Web page caption snippets

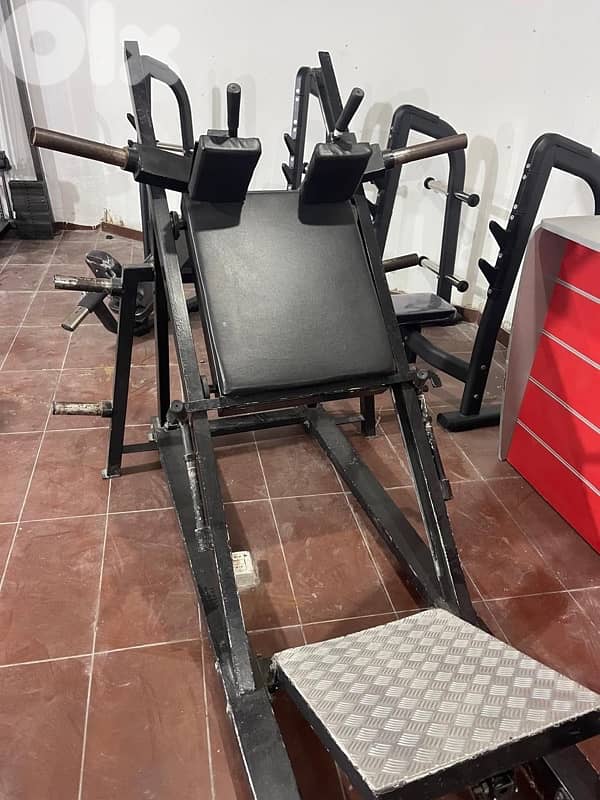 Squat machine like new 2
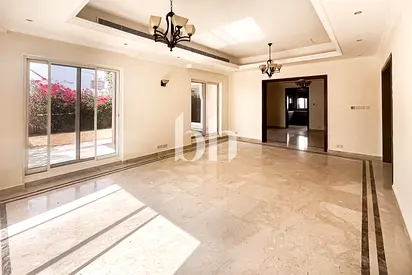 Spacious |5 Bed Custom Built |Vacant Now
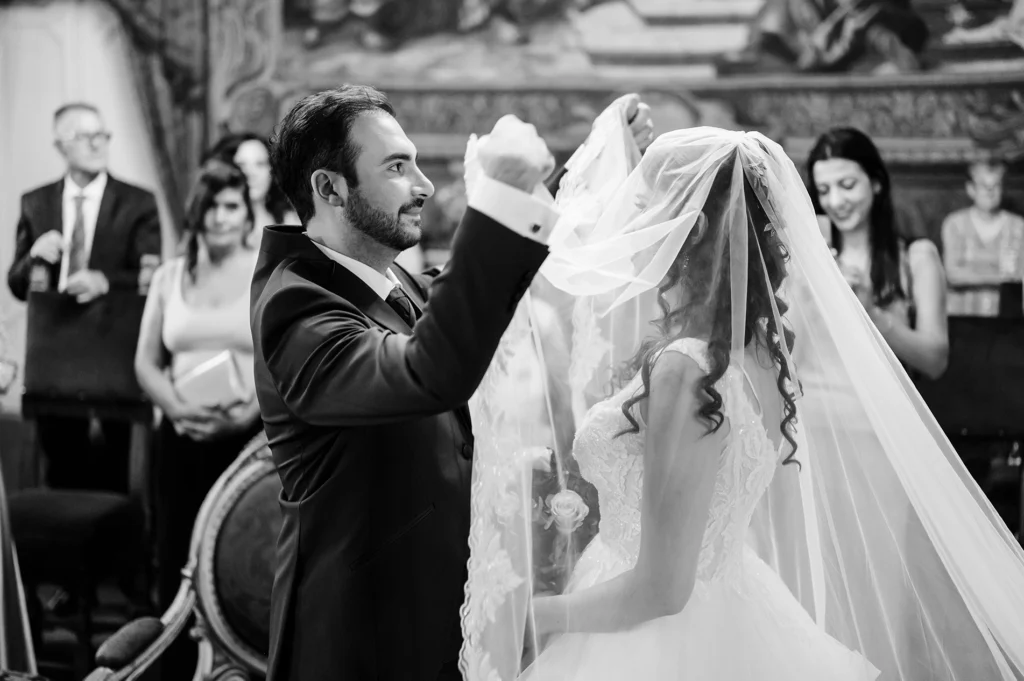 sposa con il velo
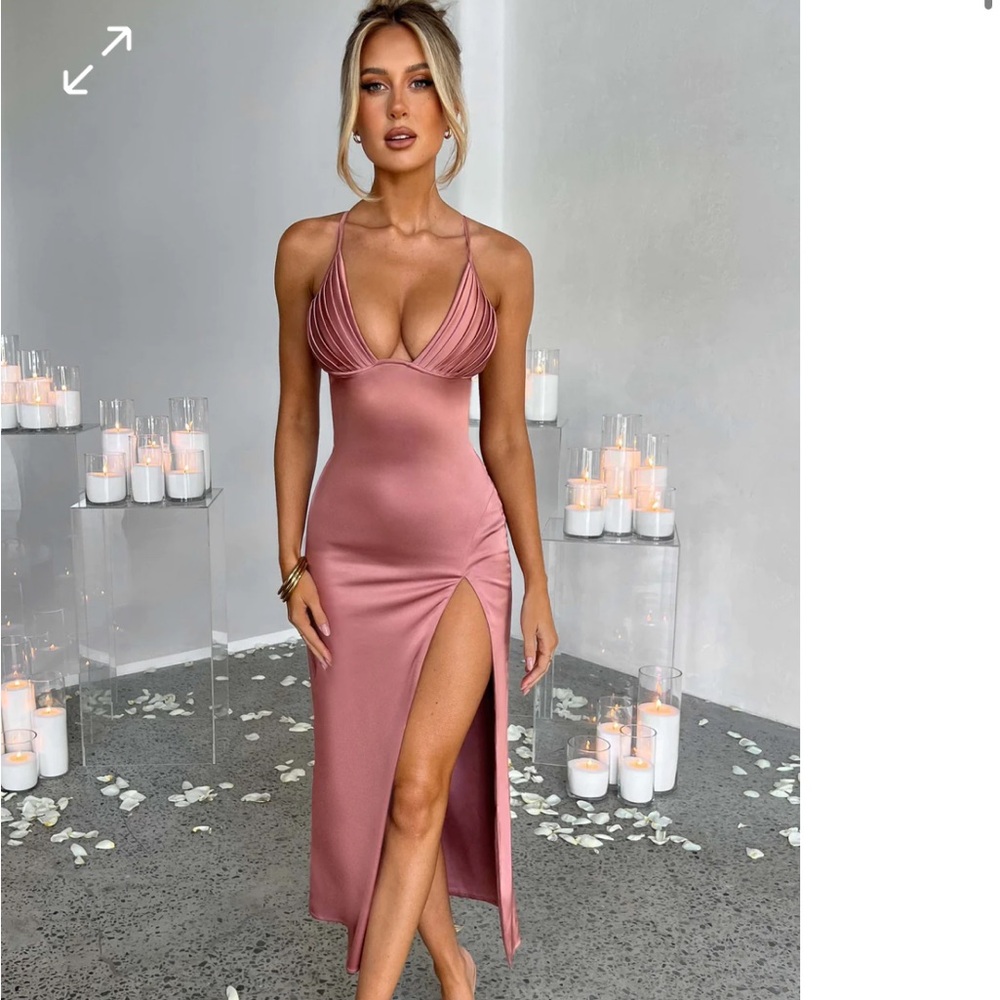 Elegant Mauve Evening Dress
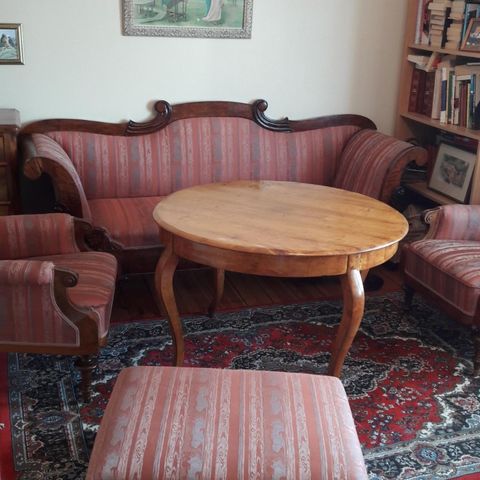 Et flott gammelt møblement hb kr 15000
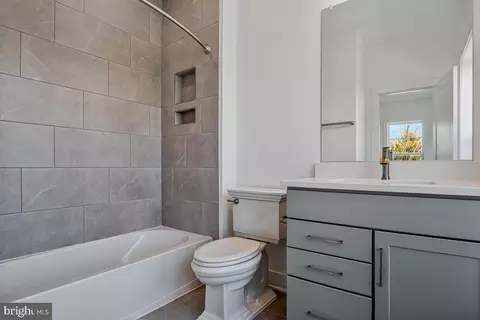 Bath - 8205 Dabney Ave, Springfield, VA 22152 photo 6 of 7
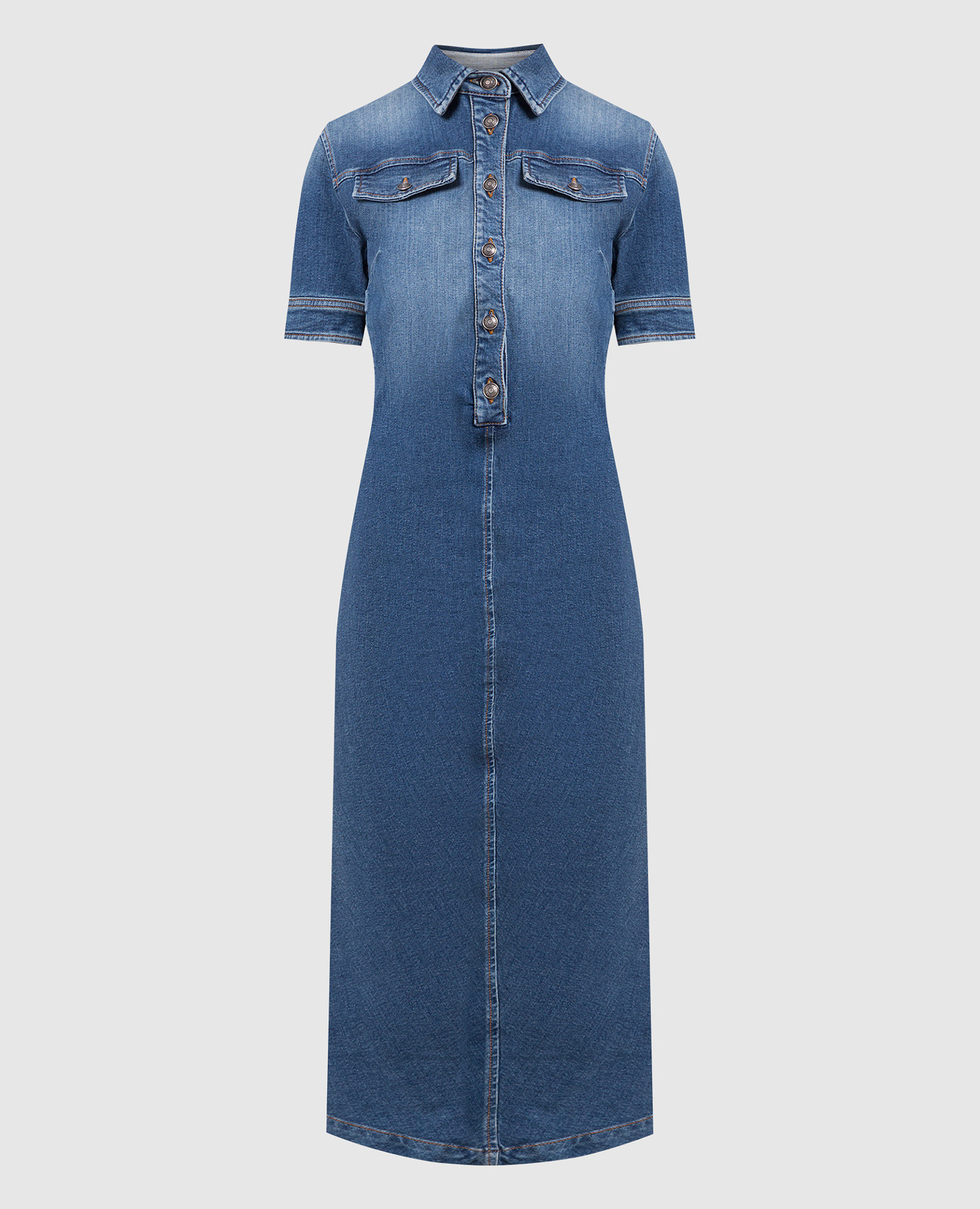 Синее джинсовое платье миди с эффектом потертости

- [WORK REQUEST] Leave the pictures out, and copy exactly each line from the one containing "Elegant Mauve Evening Dress" through the final line of the data.

- [EXERCISE RESPONSE]
 Elegant Mauve Evening Dress
 Et flott gammelt møblement hb kr 15000
 Bath - 8205 Dabney Ave, Springfield, VA 22152 photo 6 of 7
 Синее джинсовое платье миди с эффектом потертости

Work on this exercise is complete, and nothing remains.